D.   The use of incandescent lamps shall be reduced to a minimum. 
     Use compact fluorescent lamp with reusable ballast in
     supplementary task and downlighting.

E.   Where applicableprovide for and show the relocation of any
     existing exterior poles and new fixtures; branch circuit wiring
     etc. for a complete working system.

F.   All lighting fixtures shall use high power factor and energy
     saving ballasts and energy saving lamps.

G.   All life safety lighting fixtures (the number of exit signs and
     emergency light fixtures) shall be as required by NFPA 101.  The
     exit signs shall be light emitting diode type (LED).  For
     College Park Campus, the exit sign shall be Dual-lite Excalibur
     LED series or approved equal.  Exit signs with integral battery
     pack is not acceptable for use on College Park Campus.  

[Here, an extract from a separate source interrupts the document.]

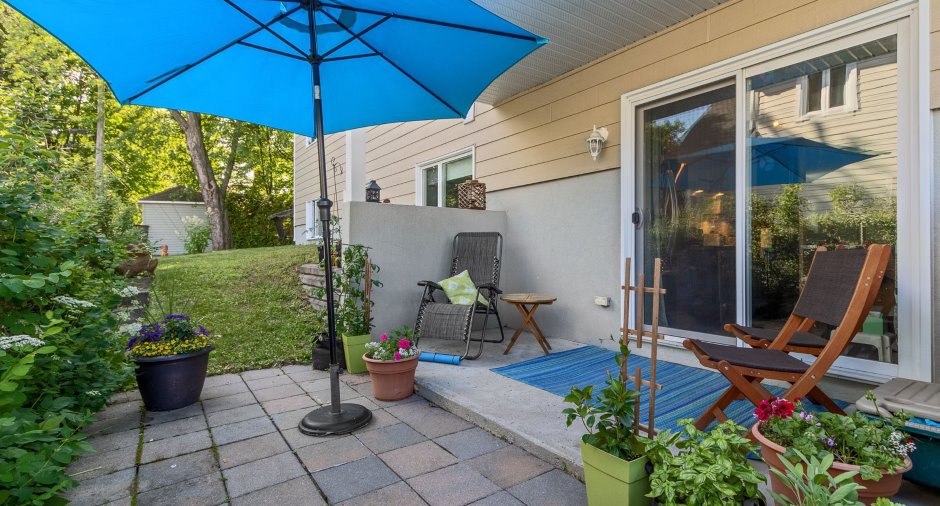 Terrasse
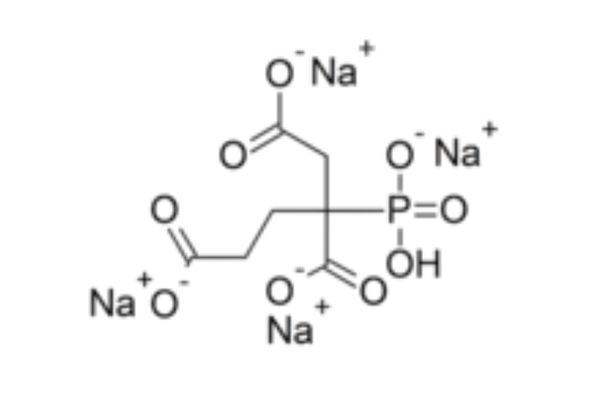 2-Phosphonobutane -1,2,4-Tricarboxylic Acid, Sodium salt (PBTC•Na4)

H.   Provide a convenient means to re-lamp, clean, repair or replace
     lighting fixtures in inaccessible or hazardous locations.

2.10 WIRING FOR LIGHTING FIXTURES, RECEPTACLES

A.   For lighting fixture applications, the use of MC cable shall
     only be allowed for connections from a junction box to a
     lighting fixture.  The MC Cable shall not be more than 6 feet in
     length.  The use of MC cable from lighting fixture to lighting
     fixture shall not be allowed (except between the fixtures in a
     tandem wired group).

B.   For receptacle applications, the use of MC cable shall only be
     allowed from a junction box to only those receptacles located
     within the same room.

C.   The use of MC cable shall not be allowed to cross between one
     room to another room whether or not the wall between the two
     rooms extends up to the slab.

D.   The use of MC cable shall not be used between two rooms if the
     rooms are identified as two separate rooms or not.

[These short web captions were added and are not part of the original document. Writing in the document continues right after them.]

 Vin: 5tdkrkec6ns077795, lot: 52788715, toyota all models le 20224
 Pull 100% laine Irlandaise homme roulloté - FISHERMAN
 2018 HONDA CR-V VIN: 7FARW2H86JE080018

E.   Back-to-back receptacles shall not be accepted.

F.   MC cable shall not be used between two receptacles when they are
     in two separate rooms but are on the same wall.

2.11 COMMUNICATION SYSTEM

A.   Provide for and show a complete voice, data, and fibre system
     including all jacks, plates, terminations, terminal boards
     and/or cabinets, equipments, associated wiring and raceways for
     the building including any alternates for a complete working
     system.

B.   Provide for and show a complete video system including all
     jacks, plates, terminating resistors, cabinets, extenders,
     splitters, attenuator pads, amplifiers, power supplies,
     associated wiring and raceway for the building including any
     alternates for a complete working system.

C.   Each space shall have voice and data outlets, video outlets
     (where identified), jacks, plates, and all associated wiring
     (twisted pair copper for voice and data along with unterminated
     fiber pair, and coaxial cable for video) and raceway.  The
     number of outlets shall be as per the requirements shown in the
     Facility Program.  If requirements are not provided, the number
     of outlets shall be as per UMCP General Telecommunications
     Premise Distribution System Specification.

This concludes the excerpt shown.